To establish the hub genes, we used density of maximum neighborhood component (DMNC) algorithm and identified that UBE2O, ubiquitin-like modifier-activating enzyme 6 (UBA6), apoptosis-resistant e3 ubiqutin protein ligase 1 (AREL1), mex-3 RNA binding family member C (MEX3C), collagen type IV alpha 2 (COL4A2), laminin subunit alpha 4 (LAMA4), placental growth factor (PGF), beta-transduction repeat containing E3 ubiquitin protein ligase (BTRC), ankyrin repeat and SOCS box containing 4 (ASB4), collagen type V alpha (COL5A) are the ten hub genes among the upregulated genes (Fig. 4f). The KEGG pathway of the ten hub genes was analyzed and constructed using the online tool NetworkAnalyst (https://www.networkanalyst.ca/). The KEGG pathways of the ten hub genes were Ubiquitin mediated proteolysis, Focal adhesion, extracellular matrix (ECM)-receptor interaction, PI3K-AKT signaling pathway, Small cell lung cancer, Amoebiasis, Pathway in cancer, Circadian rhythm, African trypanosomiasis, Hedgehog signaling pathway, and Shigellosis (Additional file 1: Fig. S1B). In addition, quantitative reverse transcription PCR (qRT-PCR) demonstrated that the levels of UBE2O mRNA in saliva-Exos samples were significantly higher than in the saliva samples (Fig. 4g). HuvECs treated with saliva-Exos exhibited a higher level of UBE2O than cells treated with PBS or saliva (Fig. 4h, i). Collectively, these data suggest that UBE2O is one of the hub genes in saliva-Exos upregulated genes.
UBE2O mediates the positive effects of saliva-Exos on HUVECs
The effect of UBE2O on HUVECs in vitro was explored. Firstly, the UBE2O mRNA level was significantly higher in the UBE2O group, while its level was decreased in the small interfering RNA UBE2O (siUBE2O) group (Fig. 5a). Then, our data showed that the exposure of HUVECs to UBE2O enhanced their proliferation (Fig. 5b, c), and increased expression of cell cycle-related proteins, promoting cell entry to the S stage and (Fig. 5d, e). In agreement with these results, HUVEC migration was accelerated after treatment with UBE2O (Fig. 5f, g). UBE2O overexpression also promoted tube formation by HUVECs (Fig. 5h–j). No surprisingly, treatment of cells with siUBE2O produced opposite effects on the function of HUVECs, as documented by decreased proliferation, migration, and tube formation. Moreover, the beneficial effect of saliva-Exos was ablated by knock down of UBE2O in HUVECs. Together, these findings indicate that UBE2O is the primary mediator of the beneficial effects of saliva-Exos on HUVEC function.

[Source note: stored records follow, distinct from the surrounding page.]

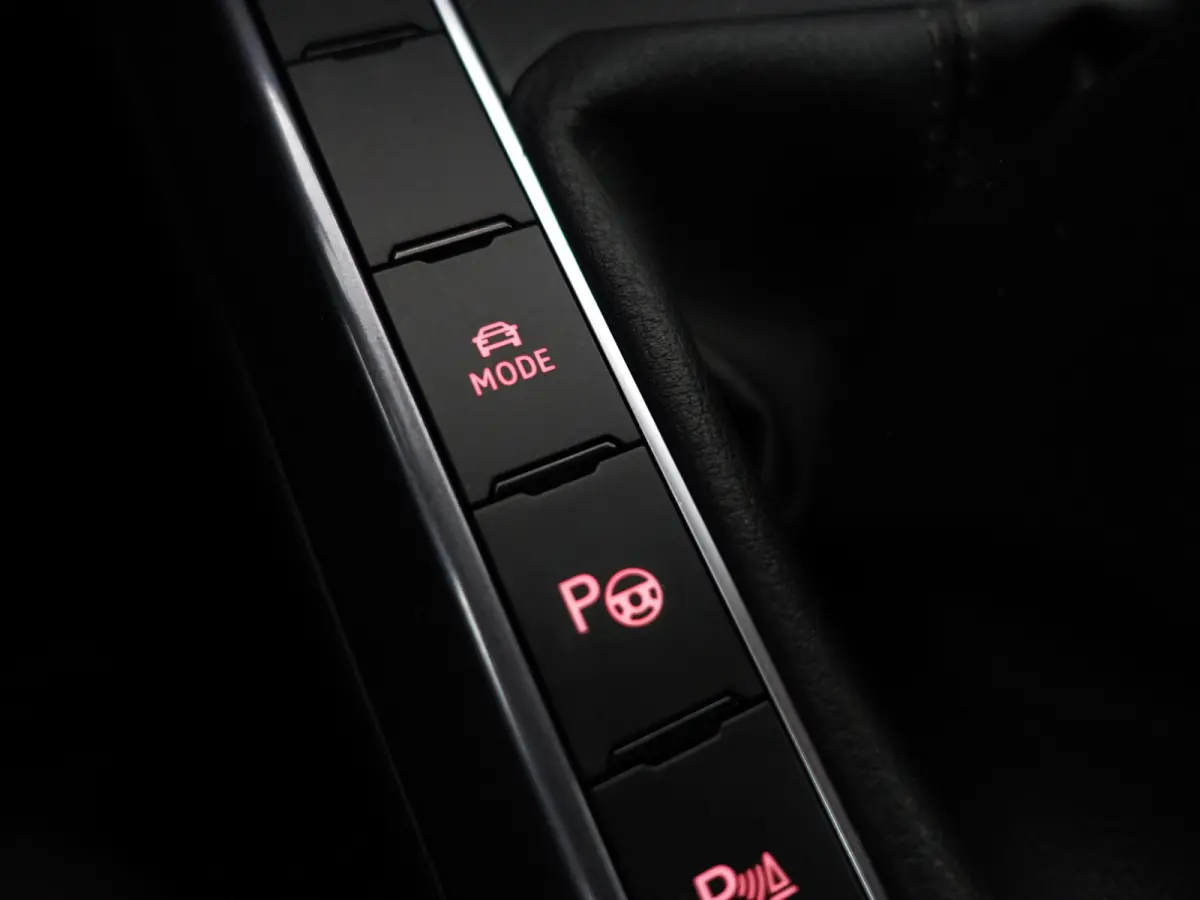 1.0 TSI R Line+ Panoramadak, Xenon Led, Dynamic Select, Ada Cruise, Park Assist, Park Pilot
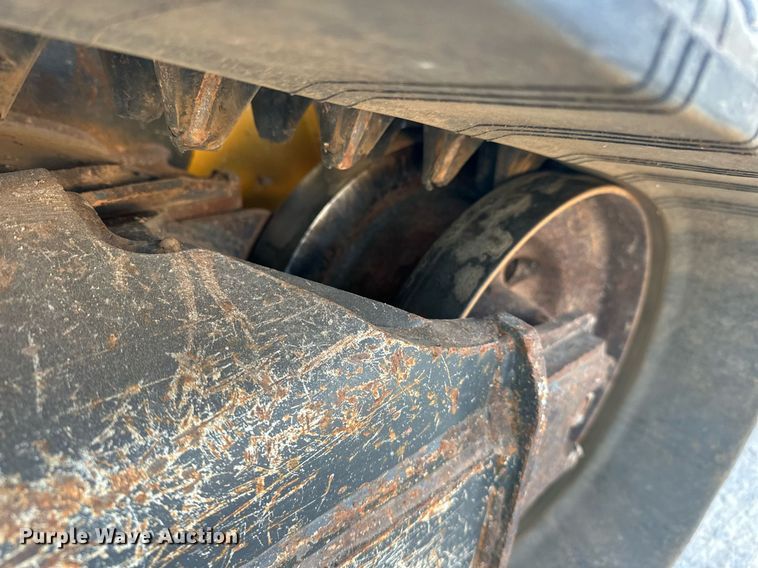 image for item EJ4902 2019 John Deere 333G  tracked skid steer loader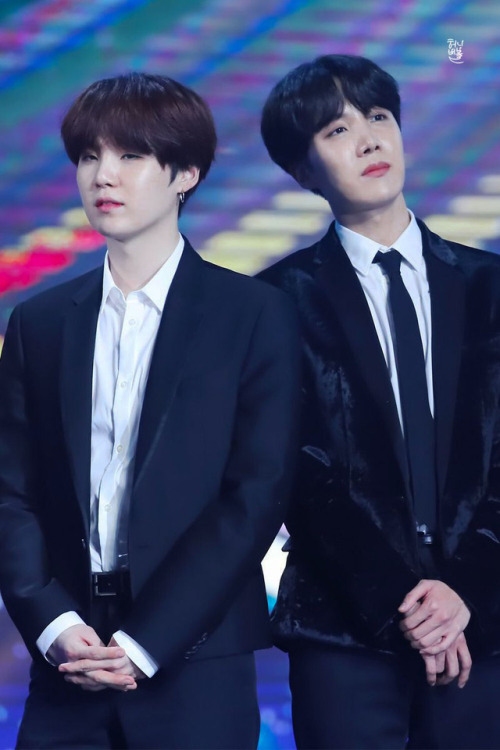 mrskimjoonie: 190105 - Golden Disk Awards day1©️HONEY BUBBLE©️MrsKimJoonie for unwhitewhas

SMAD6/BMP2 axis is key to UBE2O-mediated HUVEC function
To explore the gene regulatory networks of UBE2O in skin tissue, we constructed skin-type specific networks and identified that sixteen genes are regulated by UBE2O, resulting in 16 putative genes (Fig. 6a). Previous studies reported that UBE2O can target SMAD6 for ubiquitination and degradation [13]. Therefore, to determine whether UBE2O suppresses the expression of SMAD6 in HUVECs, the level of SMAD family member 6 (SMAD6) was assessed by Western blotting. As shown in Fig. 6b, the expression level of SMAD6 in HUVECs was significantly decreased after UBE2O treatment, while its level was increased after silencing UBE2O. Moreover, SMAD6 knockdown decreased the level of SMAD6 in HUVECs (Fig. 6c). SMAD6 silence significantly enhanced HUVEC function, as evidenced by the increased proliferation and migration of HUVECs in the small interfering RNA SMAD6 (siSMAD6) group (Fig. 6d–i). SMAD6 silence also induced tube formation by HUVECs (Fig. 6j–l).
SMAD/BMP pathway has been documented to be one of the main regulators of angiogenesis [14]. To identify the underlying mechanism of SMAD6-mediated angiogenesis, changes in the expression of BMP2 in HUVECs after SMAD6 knockdown were evaluated. As shown in Fig. 6c, suppressing SMAD6 resulted in BMP2 upregulation. Moreover, knockdown of bone morphogenetic protein 2 (BMP2) significantly inhibited the functions of HUVECs (Fig. 6d–l). Collectively, these data suggest that SMAD6/BMP2 pathway is involved in UBE2O-mediated HUVEC angiogenesis.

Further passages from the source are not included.